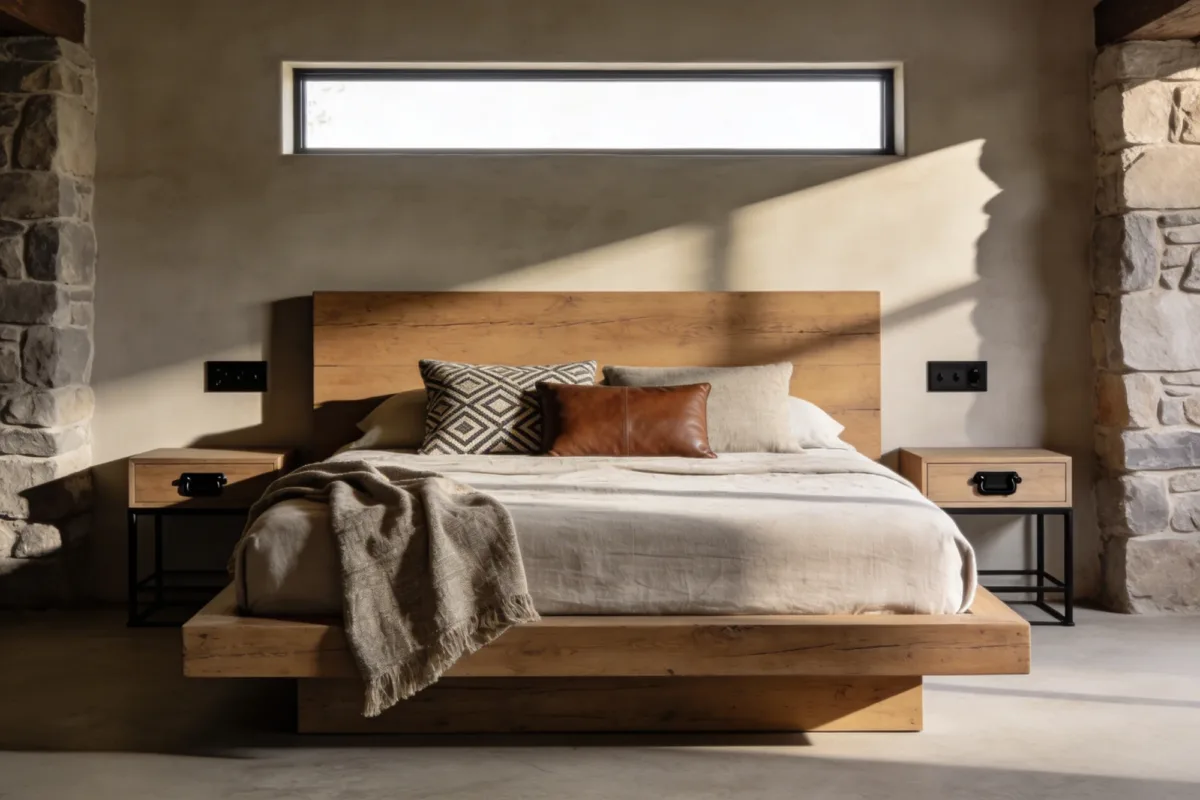 6 Modern Western Bedroom Ideas to Inspire Your Sanctuary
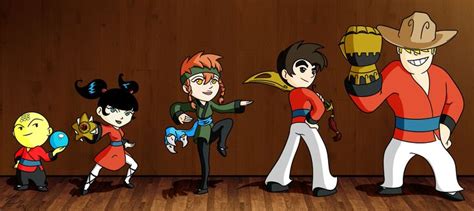 Pin By Adam Dodds On Xiaolin Showdown Animated Cartoons Cartoon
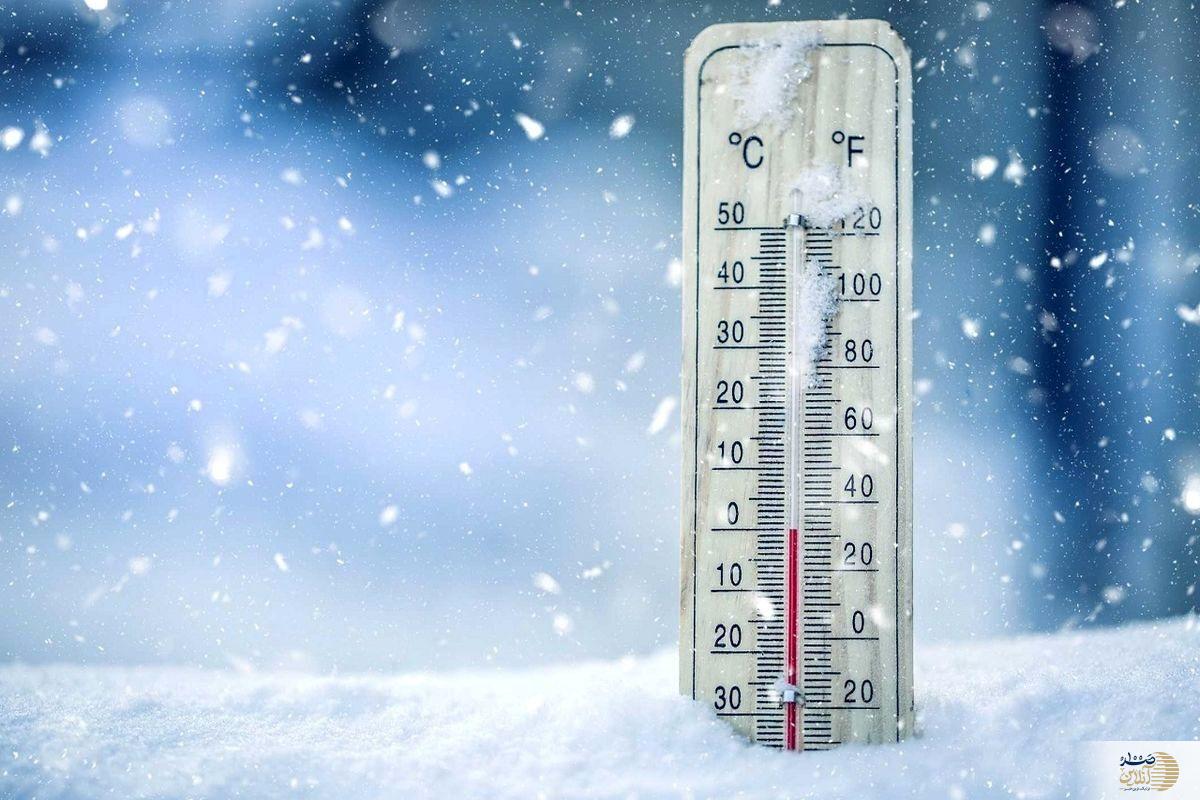 ببینید/ تصاویری زیبا از مناطق کشور که سفیدپوش شدند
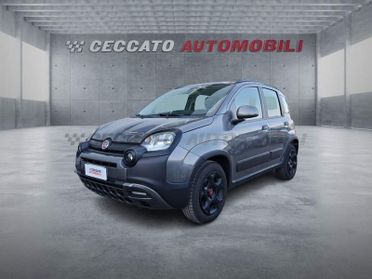 FIAT Panda Cross Panda 1.0 firefly hybrid Cross s&s 70cv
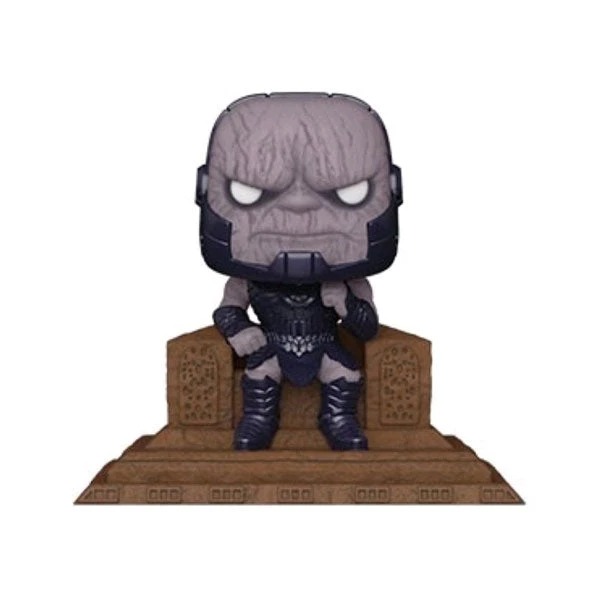 Gametraders Rouse Hill Justice League: Snyder Cut - Darkseid On Throne Pop! Vinyl 3 Gametraders Rouse Hill Justice League: Snyder Cut - Darkseid On Throne Pop! Vinyl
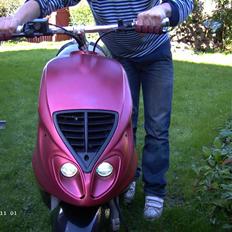 Piaggio NRG S6R byttet 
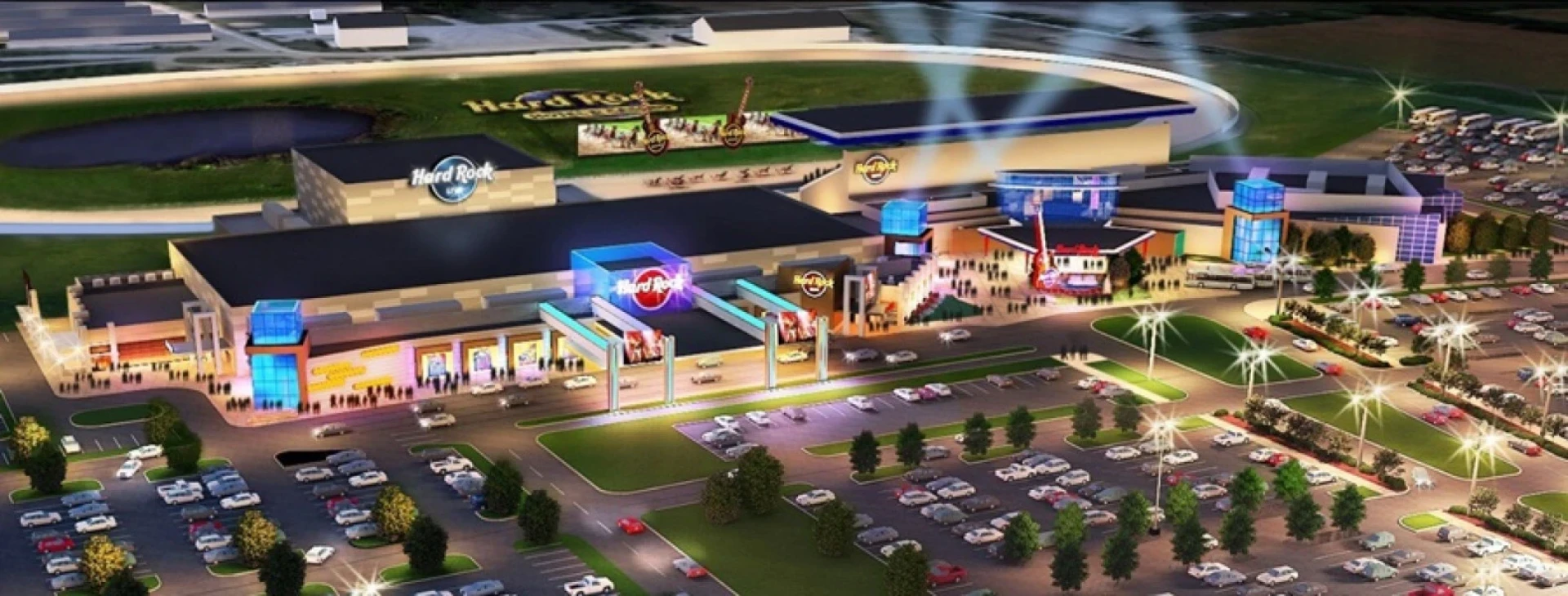 Hard Rock Hotel & Casino Ottawa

Work required —
Above are the records; print them all exactly and keep the pictures out.

Task output —
 6 Modern Western Bedroom Ideas to Inspire Your Sanctuary
 Pin By Adam Dodds On Xiaolin Showdown Animated Cartoons Cartoon
 ببینید/ تصاویری زیبا از مناطق کشور که سفیدپوش شدند
 FIAT Panda Cross Panda 1.0 firefly hybrid Cross s&s 70cv
 Gametraders Rouse Hill Justice League: Snyder Cut - Darkseid On Throne Pop! Vinyl 3 Gametraders Rouse Hill Justice League: Snyder Cut - Darkseid On Throne Pop! Vinyl
 Piaggio NRG S6R byttet 
 Hard Rock Hotel & Casino Ottawa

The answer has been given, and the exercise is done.